- _DATA SUPPLIED_:
----------

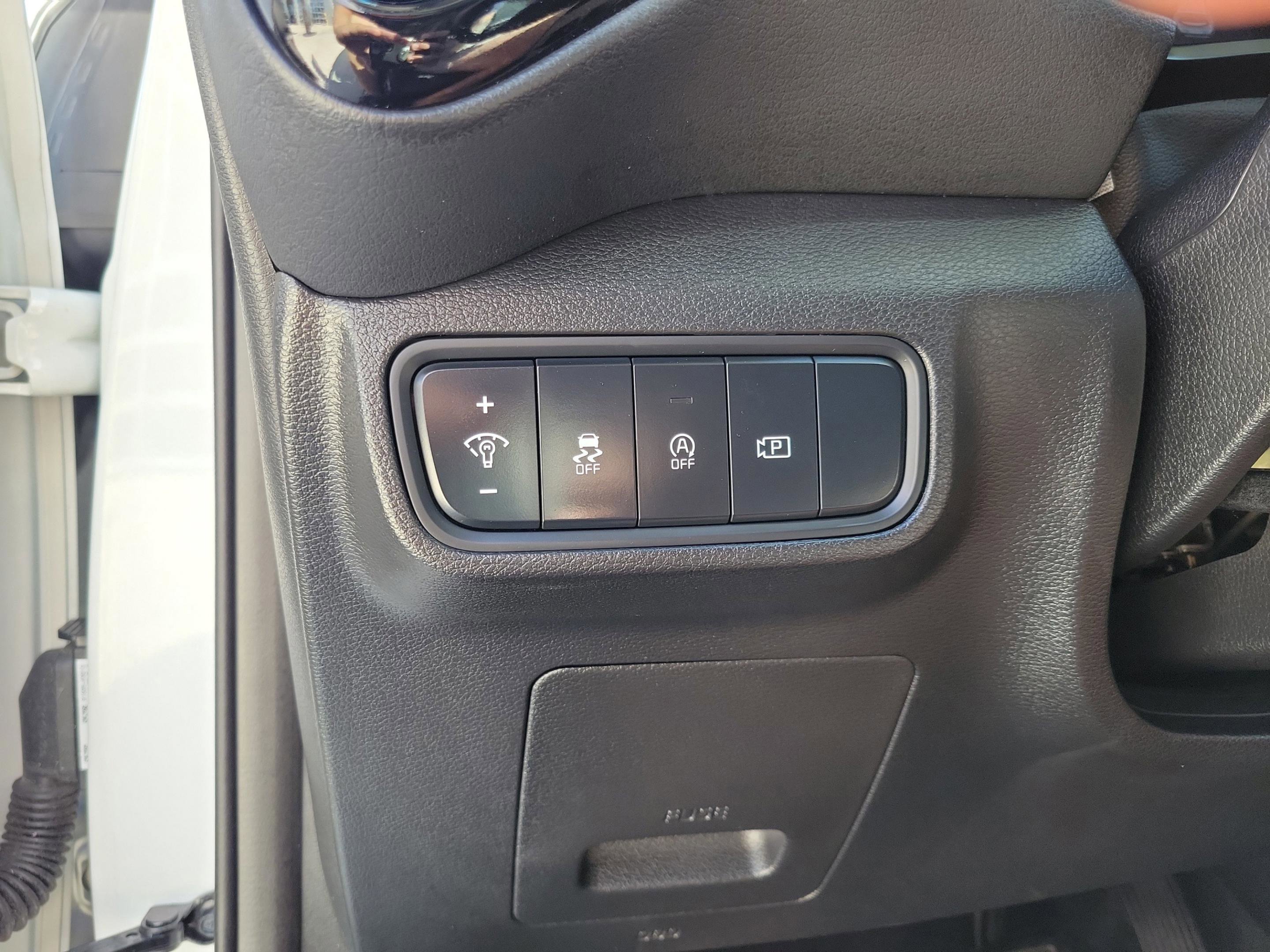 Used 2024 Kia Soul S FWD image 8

----------

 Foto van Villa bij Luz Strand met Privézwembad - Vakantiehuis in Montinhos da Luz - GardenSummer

----------

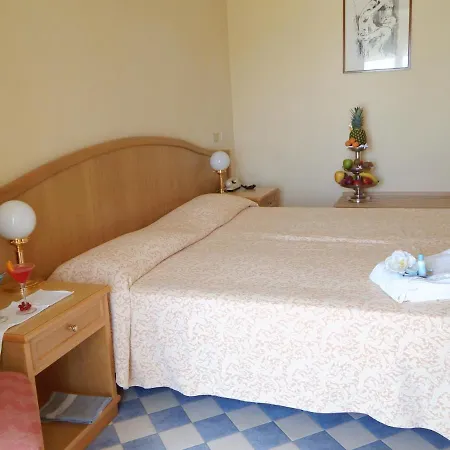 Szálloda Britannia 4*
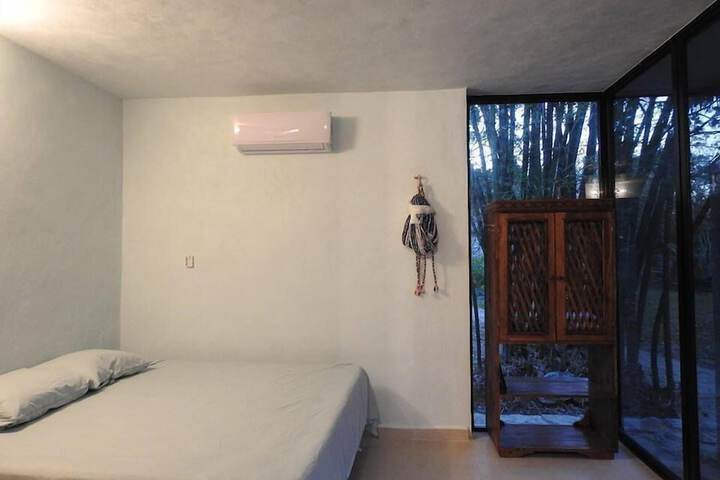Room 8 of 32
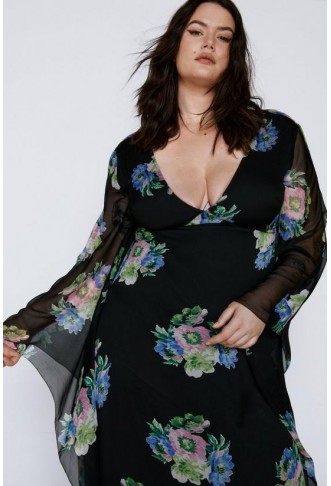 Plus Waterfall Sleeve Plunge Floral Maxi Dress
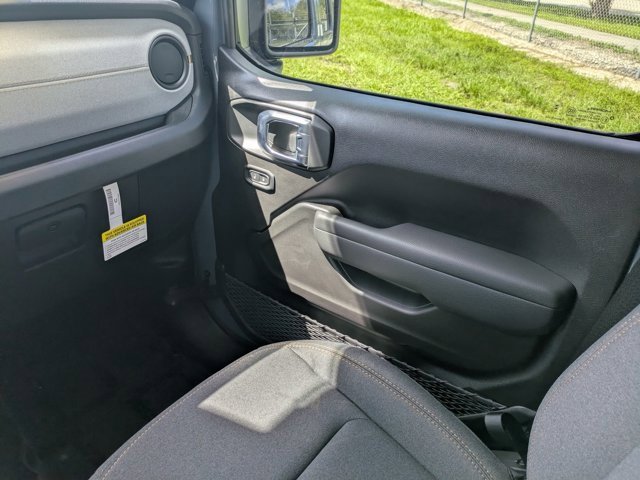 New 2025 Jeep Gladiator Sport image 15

----------

- _TRY IT_: The result should be an exact copy of only the lines above from the one that holds "Szálloda Britannia 4*" through the one that holds "New 2025 Jeep Gladiator Sport image 15", both ends included, without pictures.

- _COMPLETED TASK_:
 Szálloda Britannia 4*
Room 8 of 32
 Plus Waterfall Sleeve Plunge Floral Maxi Dress
 New 2025 Jeep Gladiator Sport image 15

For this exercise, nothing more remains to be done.